The patent document 1 describes a method of driving an information display device capable of suppressing the reduction of the contrast caused by a cross talk voltage on the simple matrix panel. In the patent document 1, the information display device applies multiple pulses during one pixel rewrite and adjusts a drive waveform for suppressing a change in polarity of the voltage applied to a non-rewrite pixel during one pixel rewrite.

The patent document 2 discloses a liquid crystal display device for minimizing the increase of a circuit part and decreasing the cross talk. The liquid crystal display device disclosed by the patent document 2 intends to decrease the cross talk by applying a correction voltage to the driving voltage of a liquid crystal.
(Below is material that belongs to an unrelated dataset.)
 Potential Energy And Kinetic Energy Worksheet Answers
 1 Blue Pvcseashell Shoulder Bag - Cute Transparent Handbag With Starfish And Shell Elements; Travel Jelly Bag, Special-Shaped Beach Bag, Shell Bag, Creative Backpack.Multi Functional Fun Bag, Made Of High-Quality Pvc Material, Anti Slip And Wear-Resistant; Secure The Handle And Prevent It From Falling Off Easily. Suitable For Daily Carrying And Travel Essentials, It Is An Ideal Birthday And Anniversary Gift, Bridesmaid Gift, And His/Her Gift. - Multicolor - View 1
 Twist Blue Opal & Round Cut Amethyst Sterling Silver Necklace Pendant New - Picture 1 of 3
The patent document 3 discloses a liquid crystal display device for suppressing an increasing cross talk caused by a waveform distortion occurring during electric charge and discharge on a liquid crystal layer. The liquid crystal display device disclosed by the patent document 3 corrects an applied voltage by adding a correction voltage pulse, and adjusts the application time of the correction voltage pulse for each scanning electrode.

The patent document 4 discloses a high-quality and small liquid crystal display device for more easily suppressing the cross talk caused by a distortion of an applied voltage to the liquid crystal panel while fulfilling the downsizing. In the liquid crystal display device disclosed by the patent document 4, when the applied voltage to the liquid crystal panel is changed from a selection level to a non-selection level, the applied voltage is set up to a substantially median potential between both levels in the specified time, and the scanning side applied voltage is placed in a non-selection level within the specified time.
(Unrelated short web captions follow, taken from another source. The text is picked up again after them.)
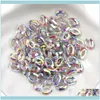 Nail Salon Health Beautynail Art Décorations 10 Pcs Creux Ange Anneau Strass Ab Flamme Couleur Caméléon 3D Circulaire Forme Ronde Décor Je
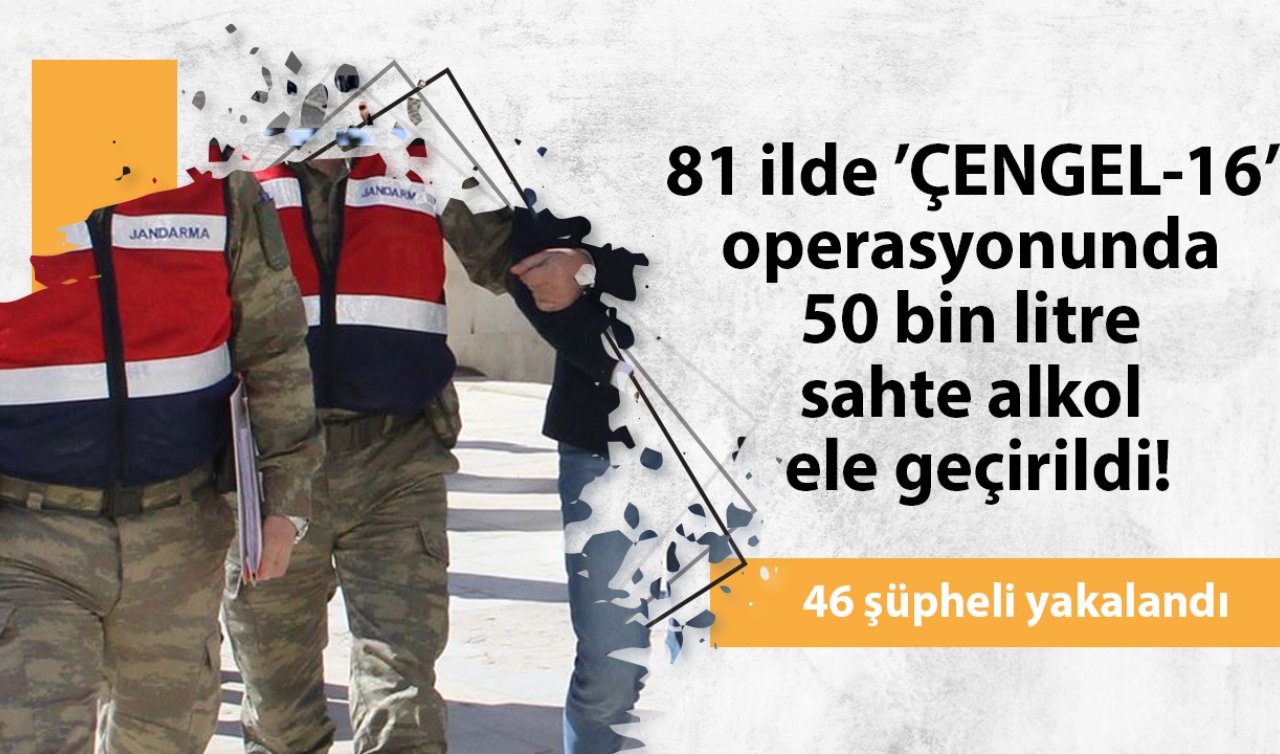 81 ilde ’ÇENGEL-16’ operasyonunda 50 bin litre sahte alkol ele geçirildi: 46 şüpheli yakalandı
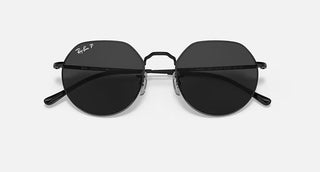 Ray-Ban RB3565 Jack sunglasses with polished black metal frame and black lenses, featuring adjustable nose pads.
The patent document 5 discloses a liquid crystal display device for correcting the increase of an effective voltage by cross talk noise caused on the non-selection voltage of a common driver by a change in output of a segment driver. In the liquid crystal display device of the patent document 5, when a white or black background is displayed, the rising and falling edge noise of the segment driver output signal at the change point of the output signal of the segment driver is detected as the amount of cross talk noise to be propagated to common driver output waveform, respectively. The amount of cross talk noise is output to the driver as a correction pulse signal of the driver output, and it is determined on the driver side whether or not the same data as the background data is output, and when the data which is not the same as the background is output, the output voltage is not output for the width of the correction pulse signal, and any voltage is output.
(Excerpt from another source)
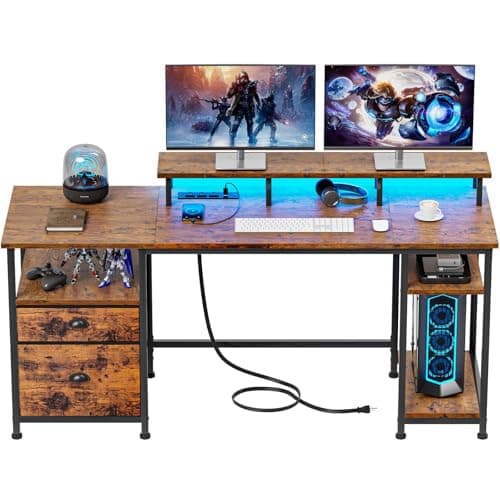 Furologee 61" Computer Desk with Power Outlet and LED Lights, Desk with Fabric File Cabinet Drawer, Large Reversible Table with Shelves and Monitor Stand, Writing Study Table for Home Office - Image 1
The patent document 6 discloses a liquid crystal display device to reduce the cross talk. The liquid crystal display device of the patent document 6 provides a pulse for the applied voltage as with the display device according to the patent document 3, and suppresses a distortion by adjusting the time in which the pulse is applied.

The patent document 7 describes a liquid crystal display device for high quality display by offsetting the cross talk with a correction voltage. In the patent document 7, in order to adjust the voltage, if there is a smaller number of lighting signals to be supplied to the currently selected scanning line than the number of the lighting signals to be supplied to the scanning line immediately before, the scanning line non-selection bias voltage is set low. If there are a larger number of the signals, the scanning line non-selection bias voltage is set high. If there are an equal number of the signals, the current bias voltage is to be maintained.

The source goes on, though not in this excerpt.